The problem »
This exercise calls for an exact transcription. Set down every record below.

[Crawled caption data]
==========

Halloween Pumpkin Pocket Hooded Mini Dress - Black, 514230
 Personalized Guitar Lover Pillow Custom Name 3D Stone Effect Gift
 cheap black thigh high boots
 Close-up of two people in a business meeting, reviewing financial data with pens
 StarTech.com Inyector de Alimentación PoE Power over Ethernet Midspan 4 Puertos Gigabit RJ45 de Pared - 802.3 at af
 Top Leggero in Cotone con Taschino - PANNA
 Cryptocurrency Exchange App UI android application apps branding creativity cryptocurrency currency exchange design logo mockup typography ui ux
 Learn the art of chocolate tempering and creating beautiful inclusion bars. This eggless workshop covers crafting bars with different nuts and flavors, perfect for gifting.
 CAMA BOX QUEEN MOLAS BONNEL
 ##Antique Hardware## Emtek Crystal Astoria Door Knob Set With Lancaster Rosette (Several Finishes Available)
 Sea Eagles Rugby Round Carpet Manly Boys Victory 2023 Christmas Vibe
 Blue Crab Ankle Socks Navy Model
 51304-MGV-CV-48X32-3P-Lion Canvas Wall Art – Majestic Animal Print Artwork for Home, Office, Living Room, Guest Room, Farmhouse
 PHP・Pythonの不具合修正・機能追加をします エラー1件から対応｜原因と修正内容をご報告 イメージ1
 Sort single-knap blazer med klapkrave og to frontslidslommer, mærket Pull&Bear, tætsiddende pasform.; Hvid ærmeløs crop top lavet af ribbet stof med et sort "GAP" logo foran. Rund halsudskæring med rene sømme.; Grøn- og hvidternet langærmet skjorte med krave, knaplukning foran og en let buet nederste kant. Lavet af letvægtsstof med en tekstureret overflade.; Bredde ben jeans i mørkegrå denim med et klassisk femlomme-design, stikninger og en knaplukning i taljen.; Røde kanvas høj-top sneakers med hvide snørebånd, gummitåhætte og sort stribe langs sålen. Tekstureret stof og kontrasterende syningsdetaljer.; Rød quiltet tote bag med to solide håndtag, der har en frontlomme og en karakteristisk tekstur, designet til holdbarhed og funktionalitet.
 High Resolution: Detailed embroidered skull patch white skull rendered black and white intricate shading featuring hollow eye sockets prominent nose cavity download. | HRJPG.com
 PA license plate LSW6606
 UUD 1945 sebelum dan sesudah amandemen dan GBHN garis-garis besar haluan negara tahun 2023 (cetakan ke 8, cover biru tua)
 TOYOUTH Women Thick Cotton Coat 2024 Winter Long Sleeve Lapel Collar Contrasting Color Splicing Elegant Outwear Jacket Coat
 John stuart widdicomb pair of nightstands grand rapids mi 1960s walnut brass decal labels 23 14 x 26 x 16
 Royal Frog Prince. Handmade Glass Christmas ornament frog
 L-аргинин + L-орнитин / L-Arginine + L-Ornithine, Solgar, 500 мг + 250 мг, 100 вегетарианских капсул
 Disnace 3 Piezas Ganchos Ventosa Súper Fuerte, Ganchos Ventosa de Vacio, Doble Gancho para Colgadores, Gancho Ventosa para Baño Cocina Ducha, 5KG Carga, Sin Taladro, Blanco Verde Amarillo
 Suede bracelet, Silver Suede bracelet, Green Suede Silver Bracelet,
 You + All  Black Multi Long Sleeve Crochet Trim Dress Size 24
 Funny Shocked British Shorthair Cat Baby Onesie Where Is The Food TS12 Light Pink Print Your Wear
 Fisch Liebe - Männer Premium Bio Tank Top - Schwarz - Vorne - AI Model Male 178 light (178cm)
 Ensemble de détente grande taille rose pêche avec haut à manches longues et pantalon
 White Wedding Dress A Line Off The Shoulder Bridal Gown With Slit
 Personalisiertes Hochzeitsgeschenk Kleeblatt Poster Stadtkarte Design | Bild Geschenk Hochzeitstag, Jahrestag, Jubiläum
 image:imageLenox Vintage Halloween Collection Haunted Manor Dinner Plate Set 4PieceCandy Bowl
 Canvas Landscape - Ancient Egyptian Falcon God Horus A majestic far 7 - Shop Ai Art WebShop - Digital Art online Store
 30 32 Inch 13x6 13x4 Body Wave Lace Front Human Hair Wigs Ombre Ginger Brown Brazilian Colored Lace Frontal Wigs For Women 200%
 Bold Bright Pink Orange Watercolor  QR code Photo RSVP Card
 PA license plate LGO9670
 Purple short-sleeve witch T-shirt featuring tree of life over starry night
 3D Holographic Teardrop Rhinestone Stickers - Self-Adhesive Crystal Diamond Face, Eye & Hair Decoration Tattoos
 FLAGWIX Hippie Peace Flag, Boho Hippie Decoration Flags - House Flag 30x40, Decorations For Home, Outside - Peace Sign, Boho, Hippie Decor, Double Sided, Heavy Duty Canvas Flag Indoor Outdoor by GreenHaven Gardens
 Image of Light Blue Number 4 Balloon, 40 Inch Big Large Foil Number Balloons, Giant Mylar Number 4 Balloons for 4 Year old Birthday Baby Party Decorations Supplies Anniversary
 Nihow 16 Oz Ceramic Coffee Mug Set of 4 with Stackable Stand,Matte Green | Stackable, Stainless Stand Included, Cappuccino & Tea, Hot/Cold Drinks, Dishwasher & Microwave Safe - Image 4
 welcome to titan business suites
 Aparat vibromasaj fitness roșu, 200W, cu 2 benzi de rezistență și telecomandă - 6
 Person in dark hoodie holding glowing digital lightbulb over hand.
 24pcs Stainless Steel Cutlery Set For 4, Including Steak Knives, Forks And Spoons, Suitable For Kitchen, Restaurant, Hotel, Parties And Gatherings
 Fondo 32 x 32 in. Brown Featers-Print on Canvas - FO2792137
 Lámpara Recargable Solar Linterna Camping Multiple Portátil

==========

Answer for this exercise »
Halloween Pumpkin Pocket Hooded Mini Dress - Black, 514230
 Personalized Guitar Lover Pillow Custom Name 3D Stone Effect Gift
 cheap black thigh high boots
 Close-up of two people in a business meeting, reviewing financial data with pens
 StarTech.com Inyector de Alimentación PoE Power over Ethernet Midspan 4 Puertos Gigabit RJ45 de Pared - 802.3 at af
 Top Leggero in Cotone con Taschino - PANNA
 Cryptocurrency Exchange App UI android application apps branding creativity cryptocurrency currency exchange design logo mockup typography ui ux
 Learn the art of chocolate tempering and creating beautiful inclusion bars. This eggless workshop covers crafting bars with different nuts and flavors, perfect for gifting.
 CAMA BOX QUEEN MOLAS BONNEL
 ##Antique Hardware## Emtek Crystal Astoria Door Knob Set With Lancaster Rosette (Several Finishes Available)
 Sea Eagles Rugby Round Carpet Manly Boys Victory 2023 Christmas Vibe
 Blue Crab Ankle Socks Navy Model
 51304-MGV-CV-48X32-3P-Lion Canvas Wall Art – Majestic Animal Print Artwork for Home, Office, Living Room, Guest Room, Farmhouse
 PHP・Pythonの不具合修正・機能追加をします エラー1件から対応｜原因と修正内容をご報告 イメージ1
 Sort single-knap blazer med klapkrave og to frontslidslommer, mærket Pull&Bear, tætsiddende pasform.; Hvid ærmeløs crop top lavet af ribbet stof med et sort "GAP" logo foran. Rund halsudskæring med rene sømme.; Grøn- og hvidternet langærmet skjorte med krave, knaplukning foran og en let buet nederste kant. Lavet af letvægtsstof med en tekstureret overflade.; Bredde ben jeans i mørkegrå denim med et klassisk femlomme-design, stikninger og en knaplukning i taljen.; Røde kanvas høj-top sneakers med hvide snørebånd, gummitåhætte og sort stribe langs sålen. Tekstureret stof og kontrasterende syningsdetaljer.; Rød quiltet tote bag med to solide håndtag, der har en frontlomme og en karakteristisk tekstur, designet til holdbarhed og funktionalitet.
 High Resolution: Detailed embroidered skull patch white skull rendered black and white intricate shading featuring hollow eye sockets prominent nose cavity download. | HRJPG.com
 PA license plate LSW6606
 UUD 1945 sebelum dan sesudah amandemen dan GBHN garis-garis besar haluan negara tahun 2023 (cetakan ke 8, cover biru tua)
 TOYOUTH Women Thick Cotton Coat 2024 Winter Long Sleeve Lapel Collar Contrasting Color Splicing Elegant Outwear Jacket Coat
 John stuart widdicomb pair of nightstands grand rapids mi 1960s walnut brass decal labels 23 14 x 26 x 16
 Royal Frog Prince. Handmade Glass Christmas ornament frog
 L-аргинин + L-орнитин / L-Arginine + L-Ornithine, Solgar, 500 мг + 250 мг, 100 вегетарианских капсул
 Disnace 3 Piezas Ganchos Ventosa Súper Fuerte, Ganchos Ventosa de Vacio, Doble Gancho para Colgadores, Gancho Ventosa para Baño Cocina Ducha, 5KG Carga, Sin Taladro, Blanco Verde Amarillo
 Suede bracelet, Silver Suede bracelet, Green Suede Silver Bracelet,
 You + All  Black Multi Long Sleeve Crochet Trim Dress Size 24
 Funny Shocked British Shorthair Cat Baby Onesie Where Is The Food TS12 Light Pink Print Your Wear
 Fisch Liebe - Männer Premium Bio Tank Top - Schwarz - Vorne - AI Model Male 178 light (178cm)
 Ensemble de détente grande taille rose pêche avec haut à manches longues et pantalon
 White Wedding Dress A Line Off The Shoulder Bridal Gown With Slit
 Personalisiertes Hochzeitsgeschenk Kleeblatt Poster Stadtkarte Design | Bild Geschenk Hochzeitstag, Jahrestag, Jubiläum
 image:imageLenox Vintage Halloween Collection Haunted Manor Dinner Plate Set 4PieceCandy Bowl
 Canvas Landscape - Ancient Egyptian Falcon God Horus A majestic far 7 - Shop Ai Art WebShop - Digital Art online Store
 30 32 Inch 13x6 13x4 Body Wave Lace Front Human Hair Wigs Ombre Ginger Brown Brazilian Colored Lace Frontal Wigs For Women 200%
 Bold Bright Pink Orange Watercolor  QR code Photo RSVP Card
 PA license plate LGO9670
 Purple short-sleeve witch T-shirt featuring tree of life over starry night
 3D Holographic Teardrop Rhinestone Stickers - Self-Adhesive Crystal Diamond Face, Eye & Hair Decoration Tattoos
 FLAGWIX Hippie Peace Flag, Boho Hippie Decoration Flags - House Flag 30x40, Decorations For Home, Outside - Peace Sign, Boho, Hippie Decor, Double Sided, Heavy Duty Canvas Flag Indoor Outdoor by GreenHaven Gardens
 Image of Light Blue Number 4 Balloon, 40 Inch Big Large Foil Number Balloons, Giant Mylar Number 4 Balloons for 4 Year old Birthday Baby Party Decorations Supplies Anniversary
 Nihow 16 Oz Ceramic Coffee Mug Set of 4 with Stackable Stand,Matte Green | Stackable, Stainless Stand Included, Cappuccino & Tea, Hot/Cold Drinks, Dishwasher & Microwave Safe - Image 4
 welcome to titan business suites
 Aparat vibromasaj fitness roșu, 200W, cu 2 benzi de rezistență și telecomandă - 6
 Person in dark hoodie holding glowing digital lightbulb over hand.
 24pcs Stainless Steel Cutlery Set For 4, Including Steak Knives, Forks And Spoons, Suitable For Kitchen, Restaurant, Hotel, Parties And Gatherings
 Fondo 32 x 32 in. Brown Featers-Print on Canvas - FO2792137
 Lámpara Recargable Solar Linterna Camping Multiple Portátil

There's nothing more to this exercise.